Exercise brief:
Transcribe the records exactly. Pictures do not belong in the transcription.

Entries provided:
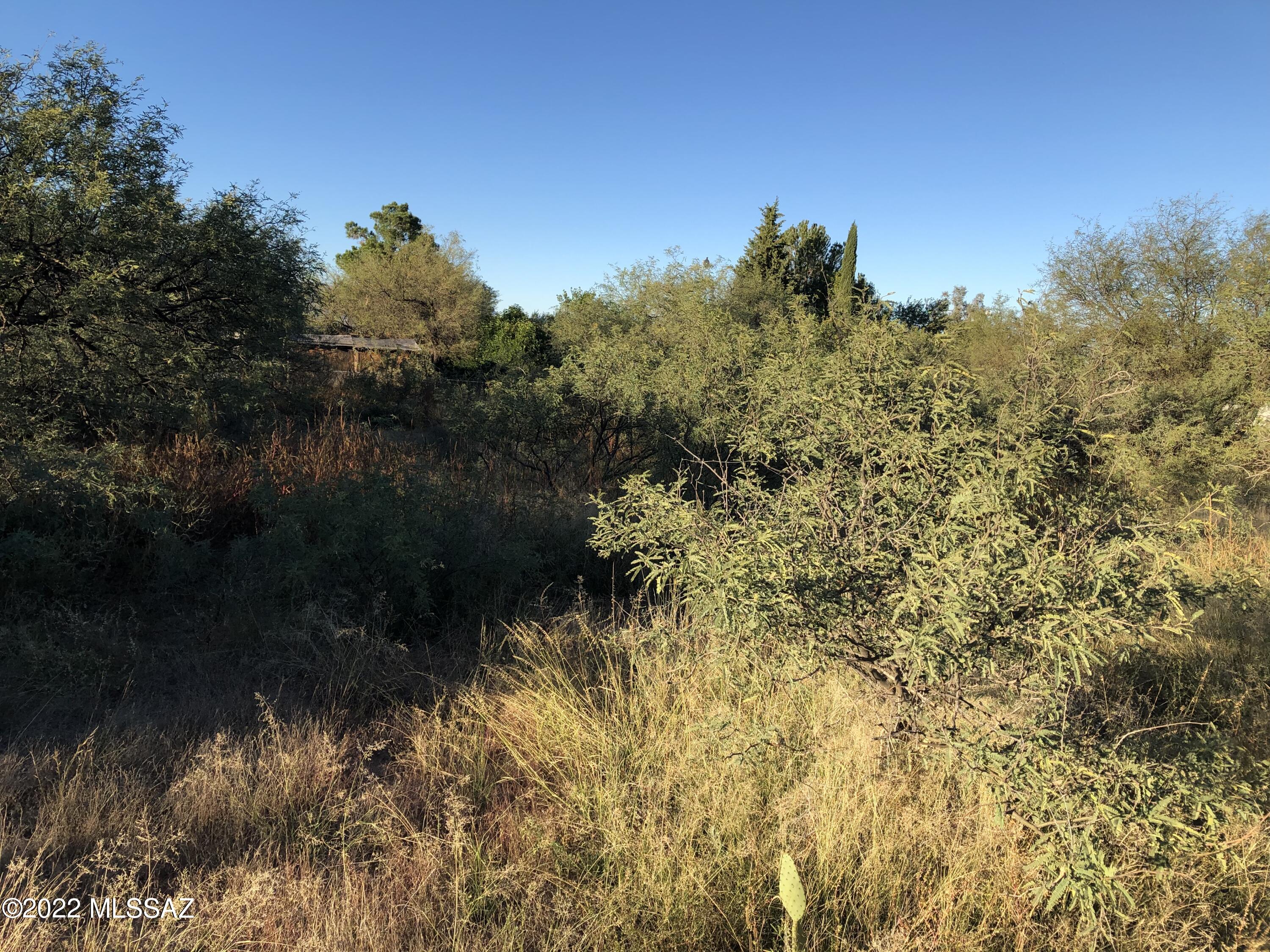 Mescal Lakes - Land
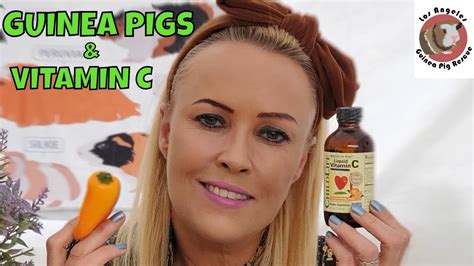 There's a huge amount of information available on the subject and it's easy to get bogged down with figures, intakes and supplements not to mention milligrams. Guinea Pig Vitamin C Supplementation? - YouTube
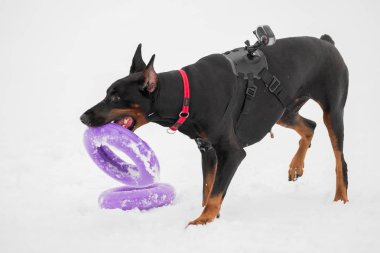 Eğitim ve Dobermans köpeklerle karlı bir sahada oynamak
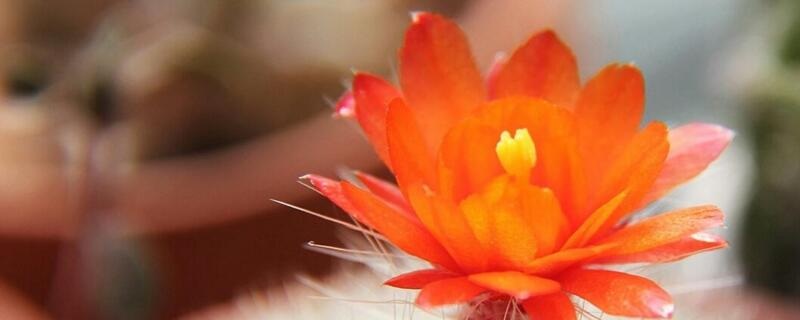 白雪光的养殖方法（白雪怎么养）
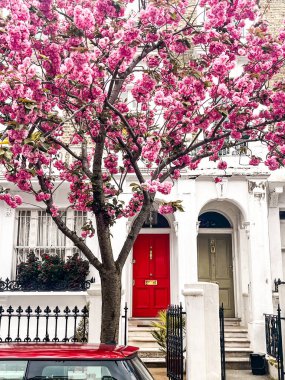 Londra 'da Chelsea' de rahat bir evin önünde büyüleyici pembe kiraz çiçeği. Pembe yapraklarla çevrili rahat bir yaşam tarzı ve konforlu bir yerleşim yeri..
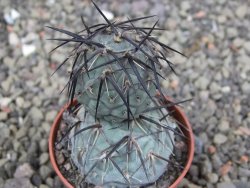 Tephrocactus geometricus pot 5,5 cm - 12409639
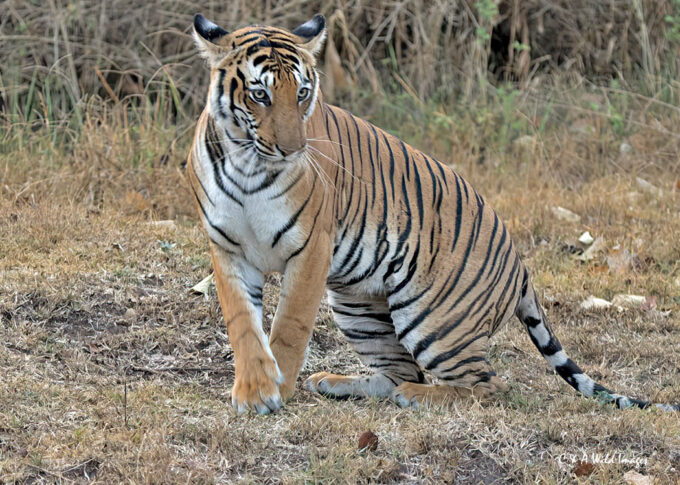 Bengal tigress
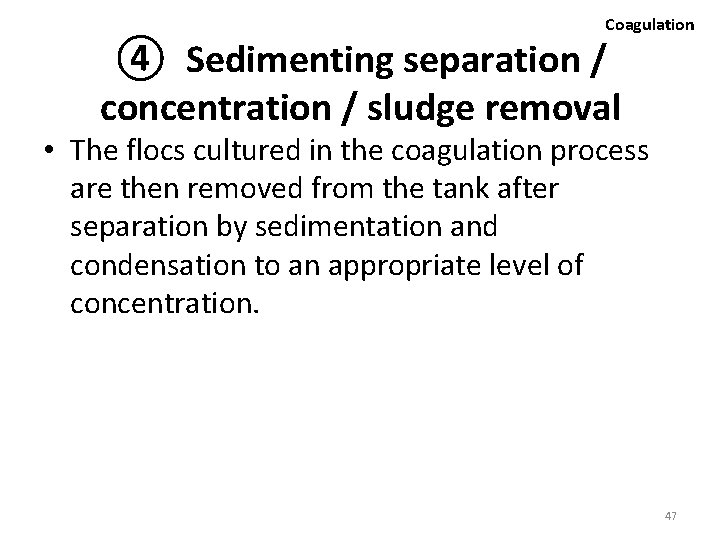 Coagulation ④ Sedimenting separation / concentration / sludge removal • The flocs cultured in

Output:
 Mescal Lakes - Land
 There's a huge amount of information available on the subject and it's easy to get bogged down with figures, intakes and supplements not to mention milligrams. Guinea Pig Vitamin C Supplementation? - YouTube
 Eğitim ve Dobermans köpeklerle karlı bir sahada oynamak
 白雪光的养殖方法（白雪怎么养）
 Londra 'da Chelsea' de rahat bir evin önünde büyüleyici pembe kiraz çiçeği. Pembe yapraklarla çevrili rahat bir yaşam tarzı ve konforlu bir yerleşim yeri..
 Tephrocactus geometricus pot 5,5 cm - 12409639
 Bengal tigress
 Coagulation ④ Sedimenting separation / concentration / sludge removal • The flocs cultured in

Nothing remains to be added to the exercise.